Well, one possible option is the frankly ridiculous set of lucky charms below. In a world where luck has countless faces for thousands of gods, then that definition of providence may be very broad indeed.
The question might be asked of the GM as to just why these objects are lucky, and what the story behind them is. Is there a burial site of obscure saints currently occupied by a monstrous fire breathing three-headed hill giant who tosses out holy relics like hurled rocks, is there a consummate charlatan at work who is presently endearing herself to the local royal family by proffering fortune tokens, or is it just peasants up to their usual pointless stupidity in assigning any object with good fortune?
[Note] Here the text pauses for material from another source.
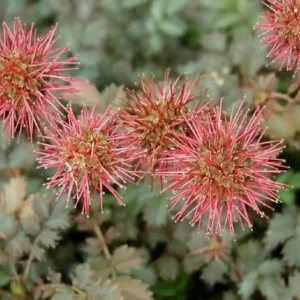 Acéna Buchananova (Acaena buchananii)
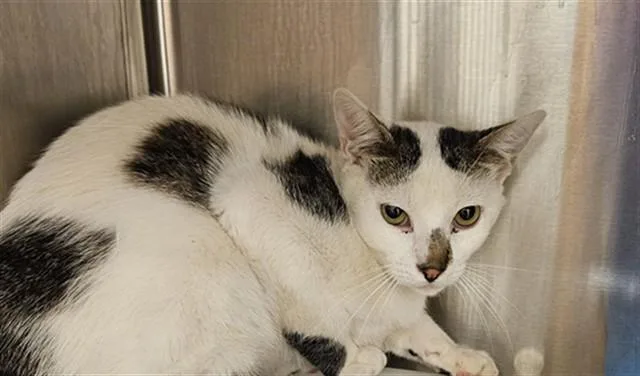A young small-sized male Domestic Short Hair cat named Hopper for adoption in Albuquerque, NM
And if the mind is willing…
- A pair of lucky toad lips mounted on a piece of string
- A lucky leather sole from the left boot of a convicted bugbear warlock
- A fortune knot made of hag hair
- A lucky stain said to be the blood of a saint
- A lucky trio of stirge proboscis firmly stuck into the wooden scalp of a disappointingly obvious ginger wig
- A dead fortune cuckoo
- A piece of lucky hard cheese carved to resemble Leffnia, Demigoddess of Minor Good Fortune, Dice, and Honey Badgers
- The pelvis of Saint Oswald of Threbb
- A providential hydra-skin corset, set with pictures of crossed humanoid fingers
- A lucky desiccated turbot, lovingly mounted on a leather thong
- A lucky rust monster propeller held in green glass
- A fluky breastplate—much battered, but always intact
- A miniature depicting Lucky Lady Greevile Strange eating an aubergine
- Intertwined sticks of lucky seaweed and pasta threaded through a shire horse horseshoe
- A bag of lucky whelks
- An extremely fortunate chicken, whose mounted and preserved head proclaims in tiny writing upon its leather and walnut shamrock-shaped mount that it was swallowed by two crocodiles and struck by lightning on the same day and still lived. It is therefore, it asserts, the luckiest chicken in history in the known lands and is signed by a bishop to prove it, who adds that it was delicious
- Blessed Sister Jessica’s Wimple
- A lucky matching xorn–pelt glove and scarf set replete with miniature iron number 7s
- A lucky wicker piglet with a human face
- A giant cricket’s long jumping leg with the words “fortune to she who bears me” written on the side in henna
- A large chest filled with keys of all sizes
- A sawdust-stuffed frog held in its own purse made of hamster skin with three keys tied to it
- A lucky badger’s ear set on a fancy silver necklace with the words “All my love and blessed good fortune my darling Letticia, from SJB”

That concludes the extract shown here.